Importance of Acknowledgement of “Low Brow” Art

We are aware that law enforcement and schools have attempted to eradicate it. However, legal injunctions or ignoring the practice of tagging has not stopped the youth practice and are insufficient responses (Phillips, 1999). Therefore, it is critical to understand more clearly the meanings behind the symbolic forms of expression used by bilingual and monolingual adolescents and to explore more fully their purposes for their writing. This insight will help educators integrate these practices with academic goals that will increase their chances for access and success (Curwen).

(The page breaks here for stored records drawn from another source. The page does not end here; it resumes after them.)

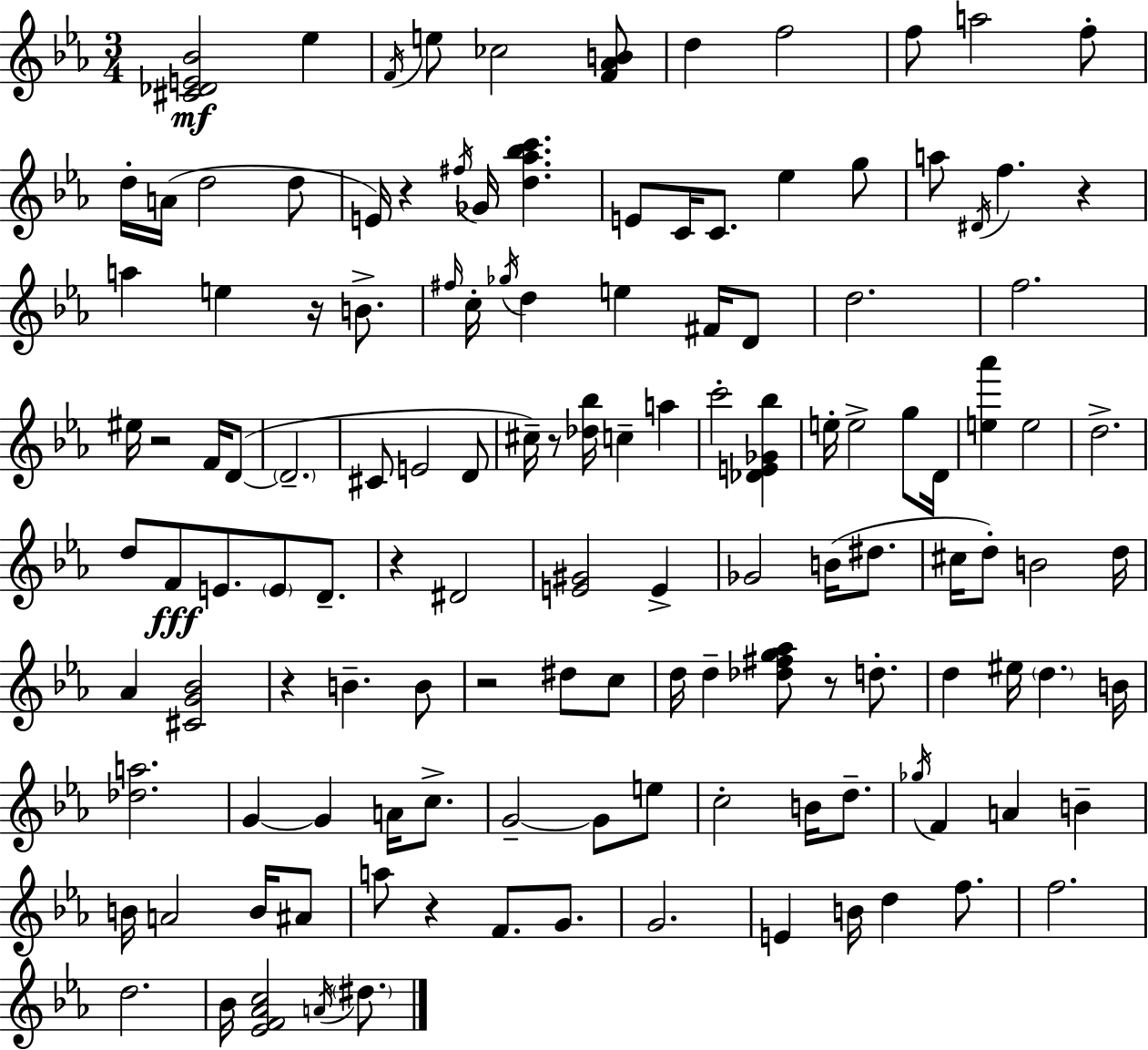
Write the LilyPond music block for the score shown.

{
  \clef treble
  \numericTimeSignature
  \time 3/4
  \key c \minor
  \repeat volta 2 { <cis' des' e' bes'>2\mf ees''4 | \acciaccatura { f'16 } e''8 ces''2 <f' aes' b'>8 | d''4 f''2 | f''8 a''2 f''8-. | \break d''16-. a'16( d''2 d''8 | e'16) r4 \acciaccatura { fis''16 } ges'16 <d'' aes'' bes'' c'''>4. | e'8 c'16 c'8. ees''4 | g''8 a''8 \acciaccatura { dis'16 } f''4. r4 | \break a''4 e''4 r16 | b'8.-> \grace { fis''16 } c''16-. \acciaccatura { ges''16 } d''4 e''4 | fis'16 d'8 d''2. | f''2. | \break eis''16 r2 | f'16 d'8~(~ \parenthesize d'2.-- | cis'8 e'2 | d'8 cis''16--) r8 <des'' bes''>16 c''4-- | \break a''4 c'''2-. | <des' e' ges' bes''>4 e''16-. e''2-> | g''8 d'16 <e'' aes'''>4 e''2 | d''2.-> | \break d''8 f'8\fff e'8. | \parenthesize e'8 d'8.-- r4 dis'2 | <e' gis'>2 | e'4-> ges'2 | \break b'16( dis''8. cis''16 d''8-.) b'2 | d''16 aes'4 <cis' g' bes'>2 | r4 b'4.-- | b'8 r2 | \break dis''8 c''8 d''16 d''4-- <des'' fis'' g'' aes''>8 | r8 d''8.-. d''4 eis''16 \parenthesize d''4. | b'16 <des'' a''>2. | g'4~~ g'4 | \break a'16 c''8.-> g'2--~~ | g'8 e''8 c''2-. | b'16 d''8.-- \acciaccatura { ges''16 } f'4 a'4 | b'4-- b'16 a'2 | \break b'16 ais'8 a''8 r4 | f'8. g'8. g'2. | e'4 b'16 d''4 | f''8. f''2. | \break d''2. | bes'16 <ees' f' aes' c''>2 | \acciaccatura { a'16 } \parenthesize dis''8. } \bar "|."
}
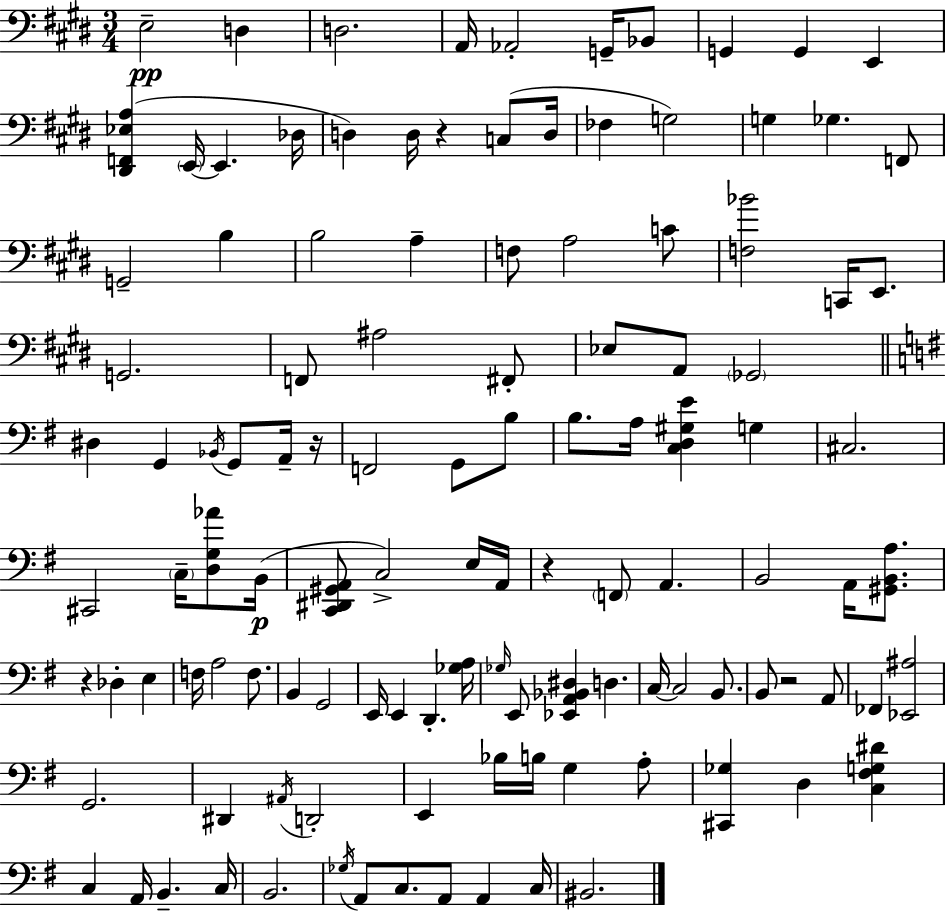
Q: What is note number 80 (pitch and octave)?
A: G2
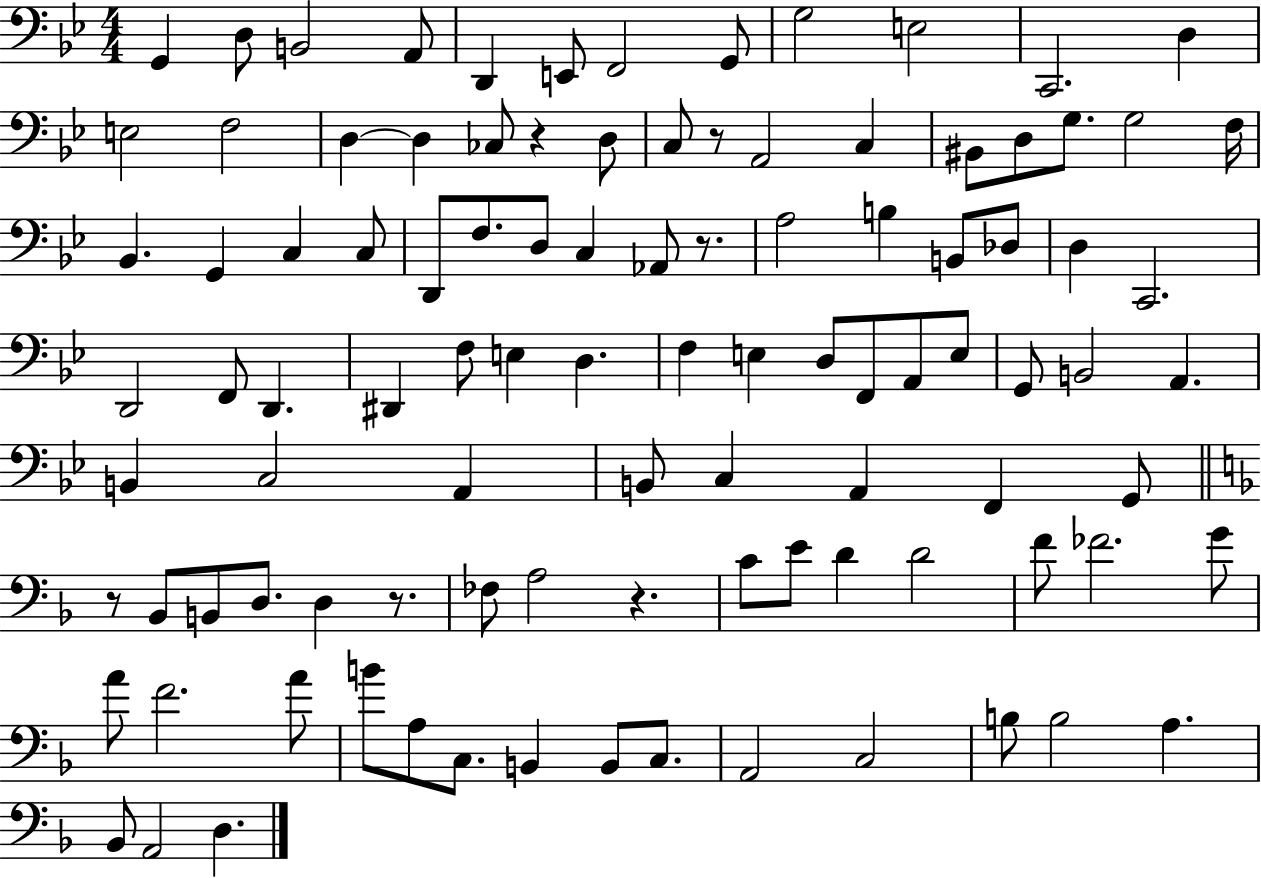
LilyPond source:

{
  \clef bass
  \numericTimeSignature
  \time 4/4
  \key bes \major
  \repeat volta 2 { g,4 d8 b,2 a,8 | d,4 e,8 f,2 g,8 | g2 e2 | c,2. d4 | \break e2 f2 | d4~~ d4 ces8 r4 d8 | c8 r8 a,2 c4 | bis,8 d8 g8. g2 f16 | \break bes,4. g,4 c4 c8 | d,8 f8. d8 c4 aes,8 r8. | a2 b4 b,8 des8 | d4 c,2. | \break d,2 f,8 d,4. | dis,4 f8 e4 d4. | f4 e4 d8 f,8 a,8 e8 | g,8 b,2 a,4. | \break b,4 c2 a,4 | b,8 c4 a,4 f,4 g,8 | \bar "||" \break \key d \minor r8 bes,8 b,8 d8. d4 r8. | fes8 a2 r4. | c'8 e'8 d'4 d'2 | f'8 fes'2. g'8 | \break a'8 f'2. a'8 | b'8 a8 c8. b,4 b,8 c8. | a,2 c2 | b8 b2 a4. | \break bes,8 a,2 d4. | } \bar "|."
}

The low brow art movement started around 1994 and is not necessarily approved of by the fine art community.  You would recognize it when you saw it.  “Lowbrow is a movement – slowly gaining momentum – that doesn’t necessarily care if The Art World recognizes it as such. What matters to Lowbrow is that most of us average people do recognize it. Anyone who has ever watched cartoons, read Mad magazine, enjoyed a John Waters film, consumed a product with a corporate logo or possessed a sense of humor shouldn’t have a hard time getting comfy with Lowbrow” (Essak).  Low brow artists range anywhere from tattoo artists, cartoonists, painters, sculptors, to graffiti and street artists.  The importance of studying and acknowledging these movements is that it will help sociologists study what was known as pop culture during the late 20’st century -early 21’st century.